Estas frases, al atardecer, caían sobre el silencio de más de treinta jóvenes como un mensaje novedoso, directo, exigente e inquietante. Palabras pronunciadas por un seglar, nunca habíamos oído a nadie, que no fuera cura, hablarnos así. Y aquel hombre joven tenía algo especial, algo que nos encandilaba, que iba consiguiendo en nosotros que «conectáramos» con Dios. Aquellos ejercicios iban marcándonos unas metas: enseñarnos a vencernos a nosotros mismos y ordenar nuestra vida de aquí en adelante, según el espíritu de san Ignacio. Todo un programa de vida y en cuatro días de silencio, pero de profunda interiorización y comunicación con el Señor, guiados por la Madre, que nos iba a hacer ver, entender, conocer y vivir el «Principio y fundamento» de los ejercicios: «El hombre es creado para alabar y bendecir a Dios».

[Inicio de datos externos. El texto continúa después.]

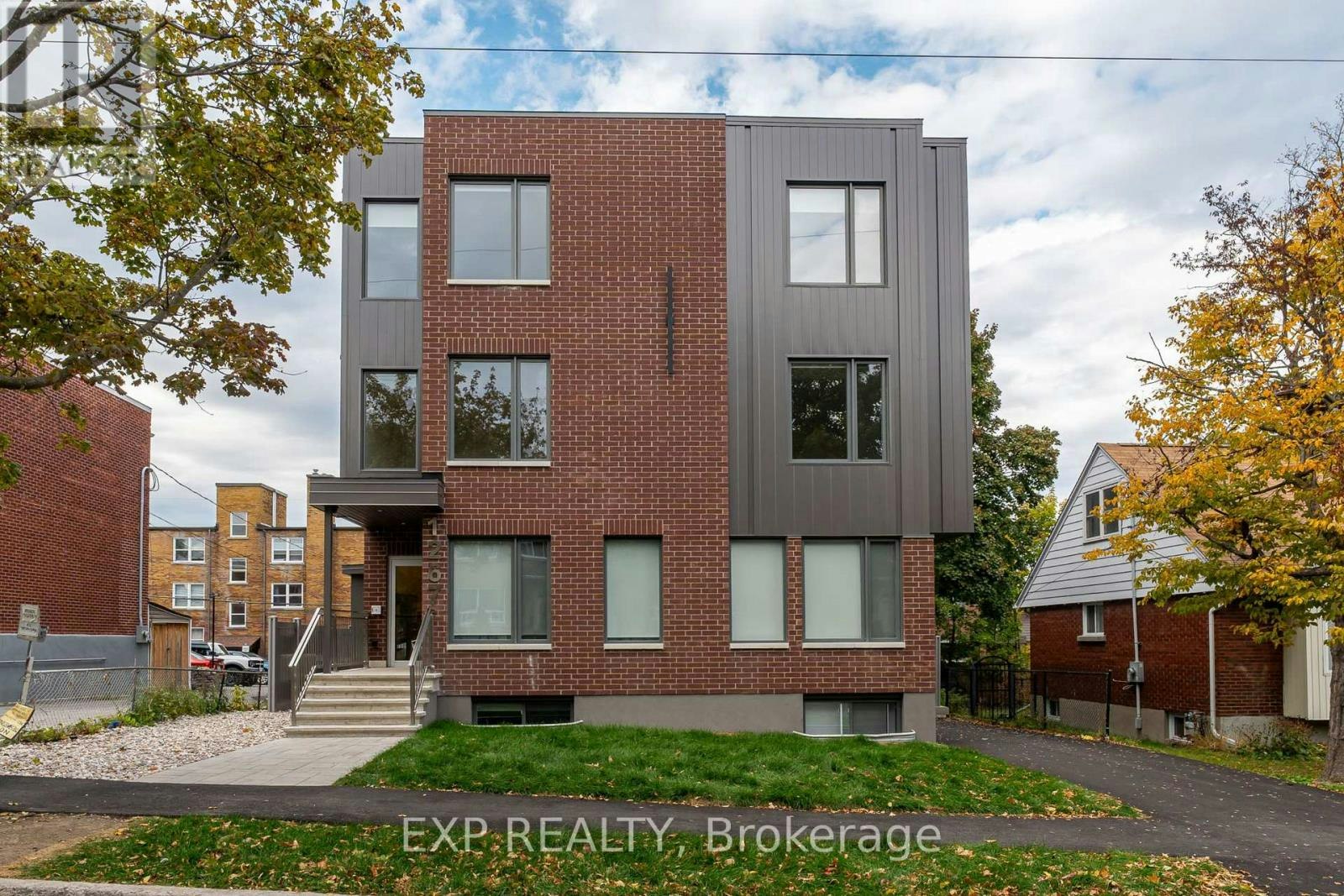 2-1267 Summerville Avenue, Ottawa, ON, K1Z 8G6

Han pasado cincuenta años y muchos de aquellos jóvenes, pese a nuestras miserias, seguimos alabando y bendiciendo a Dios.
La personalidad de Abelardo de Armas hizo que, en cuatro días, me encontrara con Cristo y me dispusiera a seguirlo hasta las últimas consecuencias; a partir de aquellos ejercicios, ya nada fue igual. Me planteé seriamente mi vocación y con claridad vi que el Señor me llevaba por el camino del matrimonio. Como Abelardo pedía una entrega total, en un principio sentía cierto temor a comunicárselo a él, y más en el ambiente de entregas entusiasmadas que había en la residencia de estudiantes de Cáceres. Cuando lo hice, todos mis temores se esfumaron y tanto él como los cruzados que me guiaban, me indicaron que tenía que esperar el momento en el que el Señor pusiera en mi camino a la mujer con la que compartiría mi vida. Y ese momento llegó.

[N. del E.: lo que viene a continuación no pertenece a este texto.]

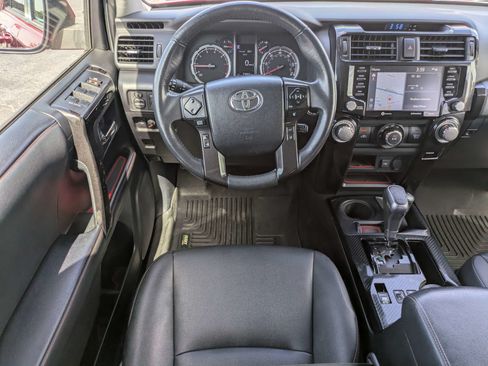 Used 2020 Toyota 4Runner TRD Off-Road Premium AWD/4WD image 4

En una carta, con fecha de 17 de octubre de 1994 me decía: Dales también nuestra gratitud a los tuyos, que tan unidos viven a tus sentimientos. Toda tu familia prolonga lo recibido de ti. Y es una gran satisfacción para nosotros, el ver en vuestros hijos la prolongación del espíritu que en la Milicia recibisteis los padres.
Abelardo en muchos momentos compartió con nosotros acontecimientos y celebraciones. Antes de sumirse en el profundo silencio de su entrega total, vino a despedirse de mi familia a nuestra casa y a recordar vivencias compartidas. Uno de mis hijos, José Miguel, también hizo con él ejercicios.
Por todo esto y por mucho más, gracias, Señor por haber puesto en mi camino a Abelardo de Armas, al que siempre he tenido muy presente en mi vida y en mis oraciones.